Succeeding John S. Watson , Michael Wirth became the Chief Executive and Chairman of the Board of one of the highest privately-held total carbon emissions companies in the energy sector. That company is Chevron.
Prior to the start of his career, in 1982 Wirth obtained a bachelor’s degree in chemical Engineering from the University of Colorado. Before the end of the year, he started his first job at Chevron where he has remained ever since.
He has worked across several sectors for the company before making his way up to the position of CEO and Chairman of the Board. One of his first major roles within the company was in 2001 when he became President of Marketing for Chevron Asia, Africa, Africa and Middle East.
In 2017, he served as vice chairman of the board, a role which included a two-year tenure as Chevron’s executive Vice President of Midstream and Development. In this role, Wirth was responsible for the company’s shipping, supply and trading, and pipeline and power operating units, as well as for Chevron’s strategy, business development, and corporate affairs.
From 2006 to 2017, Wirth served as Chevron’s Executive Vice President of Downstream and Chemicals, which followed on from his position as President of Global Supply and Trading which he held from 2003 to 2006.
In addition to his roles at Chevron, Wirth also is a member of the Board of Directors of Catalyst as well as Chairman of the Board of the American Petroleum Institute. He is a member of the National Petroleum Council, the Business Roundtable, the World Economic Forum International Business Council and the American Society of Corporate Executives.

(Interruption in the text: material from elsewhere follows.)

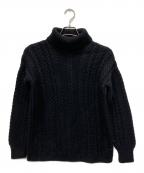 GUERNSEY WOOLLENSガンジーウーレンズ）の古着「フィッシャーマンニット」｜ブラック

As a well-known company in the energy sector, Chevron was originally founded in 1879 in California, United States. Active in more than 180 countries, the company is the second-largest descendant of Standard Oil and was first named the Standard Oil Company of California. Wirth’s expertise and leadership have helped it grow through modern times to become a true industry leader.
Most recently, Chevron announced that it had deployed sensor-affixed drones to detect emissions in the U.S. Gulf of Mexico. According to the company, it is one of the first in the industry to achieve the feat.
The Gulf of Mexico has some of the lowest carbon intensity production within Chevron's portfolio. It averages an intensity of 6 kg carbon equivalent per barrel of oil equivalent, a fraction of the global average.